No more polar bears at Singapore Zoo

 

SINGAPORE--Singapore Zoo director Fanny Lai told Reuters on September 7, 2006 that the zoo will no longer exhibit Arctic and Antarctic animals after the eventual death of Sheba, 29, the elder of the two polar bears on exhibit at the zoo.

 

Singapore is located just north of the equator.

 

Lai told Reuters that she has asked the Rostock Zoo in Germany, manager of the global captive polar bear survival plan, to find a more suitable home for Inuka, 16, who is to be moved after Sheba dies.
Lai denied that the decision was prompted by the September 6 release of the findings of a four-month undercover investigation by the Animal Concerns Research and Education Society.

 

"From September until December 2005," said ACRES president Louis Ng, "both bears exhibited signs of severe heat stress.

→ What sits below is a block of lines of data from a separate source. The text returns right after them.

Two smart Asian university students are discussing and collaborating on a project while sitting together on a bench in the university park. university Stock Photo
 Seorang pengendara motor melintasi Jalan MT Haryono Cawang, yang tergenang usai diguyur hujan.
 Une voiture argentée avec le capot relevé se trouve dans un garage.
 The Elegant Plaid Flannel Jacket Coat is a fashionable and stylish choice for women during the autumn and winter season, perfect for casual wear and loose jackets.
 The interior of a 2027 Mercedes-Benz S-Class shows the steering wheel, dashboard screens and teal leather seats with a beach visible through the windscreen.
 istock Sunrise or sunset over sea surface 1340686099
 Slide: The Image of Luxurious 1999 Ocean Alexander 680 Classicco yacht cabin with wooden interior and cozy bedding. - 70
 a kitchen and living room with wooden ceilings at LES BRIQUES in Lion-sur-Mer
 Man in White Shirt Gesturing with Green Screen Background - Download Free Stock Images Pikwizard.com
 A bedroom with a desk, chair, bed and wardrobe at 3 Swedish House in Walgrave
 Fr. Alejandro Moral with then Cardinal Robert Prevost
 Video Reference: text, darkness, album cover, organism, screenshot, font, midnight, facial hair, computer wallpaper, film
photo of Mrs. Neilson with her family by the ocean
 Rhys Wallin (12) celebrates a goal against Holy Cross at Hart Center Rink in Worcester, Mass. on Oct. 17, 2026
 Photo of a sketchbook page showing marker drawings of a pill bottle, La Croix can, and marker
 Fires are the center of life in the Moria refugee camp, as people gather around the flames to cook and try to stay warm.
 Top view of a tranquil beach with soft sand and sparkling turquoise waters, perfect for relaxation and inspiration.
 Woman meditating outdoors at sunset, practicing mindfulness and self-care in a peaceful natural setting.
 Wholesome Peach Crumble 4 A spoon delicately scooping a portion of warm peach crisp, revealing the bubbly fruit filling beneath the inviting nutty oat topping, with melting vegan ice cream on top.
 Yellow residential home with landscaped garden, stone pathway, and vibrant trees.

The bears were both seen panting for long periods (Inuka: 36.0% of the time; Sheba: 38.7% of the time). Both bears engaged in abnormal stereotypic behaviour (Inuka: 64.5% of the active periods; Sheba: 56.8% of the active periods). Both polar bears displayed inactivity (Inuka: 42.5% of the time; Sheba: 64.6% of the time).

 

"The bears cannot simply 'adapt' to life in hot climates," Ng argued. "Wherever they are in captivity, they will still possess physiological adaptations to life in the Arctic."

 

ANIMAL PEOPLE spotlighted the bears' plight in a July/August 2005 cover feature, based on a site visit, entitled "White tigers, green polar bears, & maintaining a world-class zoo."

 

Both of the Singapore Zoo polar bears, a mother and son, are green from algae growing in their translucent hair shafts.

 

Opened in June 1973, the Singapore Zoo and adjacent Night Safari were the hugely successful evident models for the Chiang Mai Zoo and the recently opened Chiang Mai Night Safari Zoo in Thailand.